You know, Jung sort of postulated that the inferior might carry the anima/animus complex -- certainly Beebe ran with that idea. I'm not entirely sure it's that cut and dry though. I think anima/animus is probably has more going on than simply being the inferior function projected. I can certainly see where Jung was going (for instance thinking type men seeing feeling types as feminine), but I do think that he's more right when he says its the compensation of the persona, because persona is so much more encompassing of how a person acts on the outside and can change quite a bit. In addition you might often see people sort of outwardly claim to want want people who seem just like them when they talk, but might not actually want it in practice. By the way the http://personalitycafe.com/myers-br...ntroverts-extroverts-supposed-soul-mates.html thread is a perfect example of people using personas (I think J's should be with P's and so forth) as driving points in what they look for.


----------



## Donovan (Nov 3, 2009)

i've noticed with myself that i always end up with introverts, although it's always been extroverts that naturally catch my attention. specifically Pe-types, if i had to guess at what they were. 

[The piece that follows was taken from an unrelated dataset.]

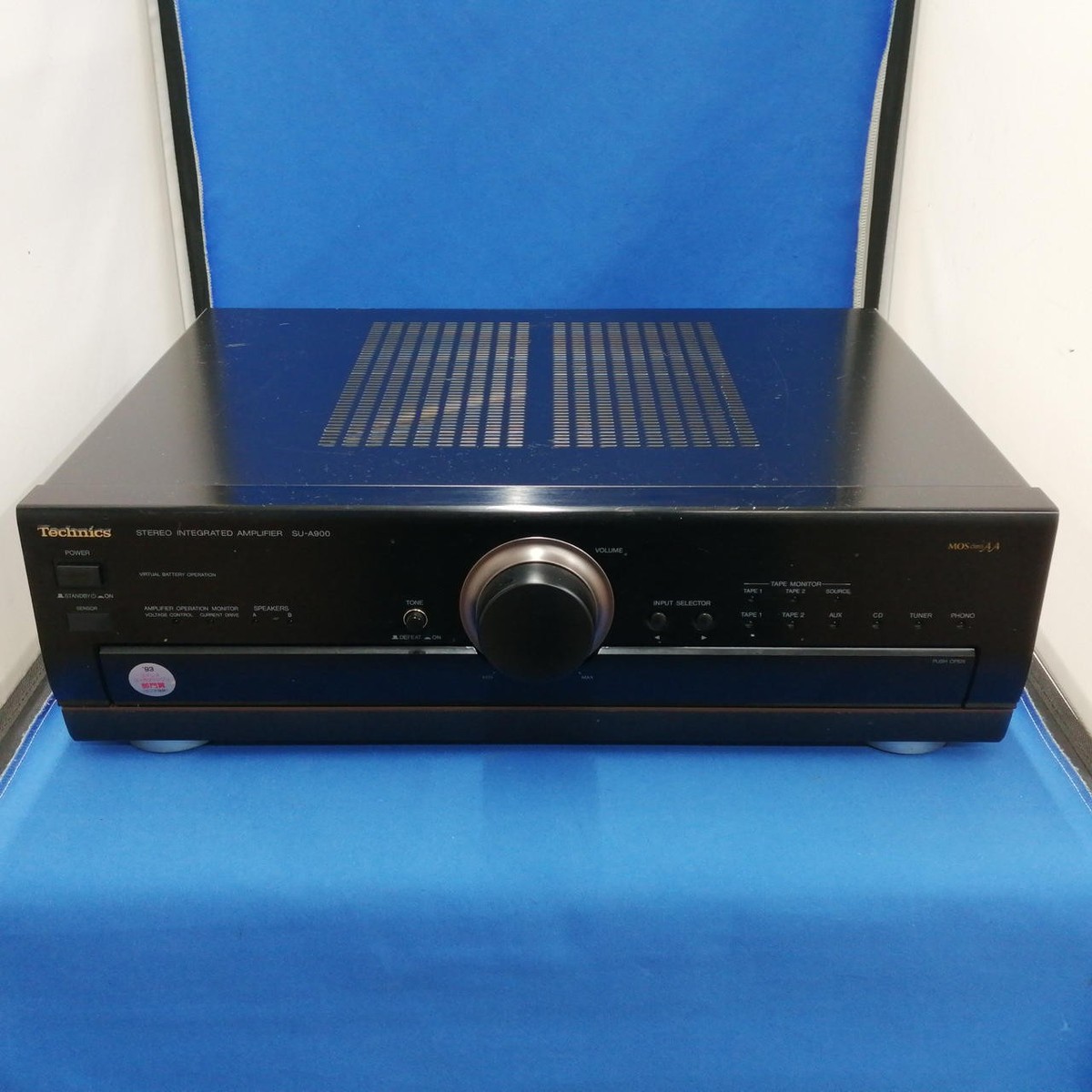 BIg159R 120 Technics SU-A900 MOS class AA テクニクス プリメイン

they just seem to move and do and think and say without any sort of interference/hindrance from their stupid brain. all of the traits that i've just listed can seem negative (and they often are used negatively regarding extroverts) but i honestly mean them in the most positive aspects--they're just natural, and at home in their element. 

like a ball just bouncing. if i were that ball, i'd collide and break things, or if possible, i'd somehow manage to stutter-step while in mid-bounce very awkwardly. the others just seem to bounce as if they were made to--as if every movement is accompanied by a thought, but the reaction is instantaneous and thoroughly unconscious. 

although, i find introverts to bring some good "game" to the table as well. 

it is good to see that i'm not the only one who's thought along these lines before though. i still think there's something to the idea, but like others have said,at present it's way too muddled know what's actually there.


----------



## cyamitide (Jul 8, 2010)

celticstained said:


> In any case, the main point of this thread is not only to throw my idea out there, but to also generate a discussion on the anima and animus itself (after having, what I would call a very profound dream where I think I _may_ have encountered a state that my anima was currently in).
> All levels of knowledge are welcome—who knows what might come of it!


In Beebe's model the anima/animus is associated with inferior function of the type. Inferior function corresponds to dual-seeking function in socionics. Dual-seeking function reacts favorably to one's duals partners which is considered to be the best match for friendship or romantic relations.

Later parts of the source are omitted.